Kim Young-sook runs a small restaurant near the school. She dressed in black and wept as she spoke with CNN, explaining that students are regular customers.

She played a video of a 17-year-old boy she said was like a son to her.

"He used to call me auntie," she said. "He was sitting here playing guitar talking about just how important this trip was to him. I feel so bad that I could not be there. All of us, we could have done something."

Students return to school

A makeshift memorial has been set up in a nearby basketball gymnasium, where hundreds of people file past a wall of flowers in which dozens of photos of dead and missing students are mounted. As well as local visitors, people have driven down from other cities like Seoul to pay their respects.

The school reopened Thursday, but only for students in the final year. About 100 psychiatrists and support staff from across South Korea were on hand to counsel them. Some of the teenagers arrived in hoods or wore caps to cover their faces as they made their way past journalists.

Mental health care professionals will be available to the students for at least two months, said Dr. Kim Hyun-sook, head of the community mental health program in the region.

"Koreans, when they experience trauma, they feel anger and sadness but they tend to bottle it up," he said. "We're trying to encourage emotional communication to let those feelings out."

A mother's pain

The parents of the dead and missing, meanwhile, cling to photos and videos of their lost loved ones.

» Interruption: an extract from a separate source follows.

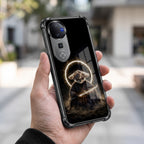 Vivo V40 Pro 5G Warrior Panda Black Airbags Printed Back Case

Christine Kim taught English to some of the students. Her youngest daughter, Billy, was on board the ferry.

A video on Kim's cell phone shows Billy hula-hooping while wearing a dalmation costume -- a fun-loving teenager.

Billy got her boyish name because she loved goats when she was little, her mother said.

Last week, Kim looked out to sea from Jindo and called for her daughter.

"It's mom!" she cried out at the waves. "It's mom!"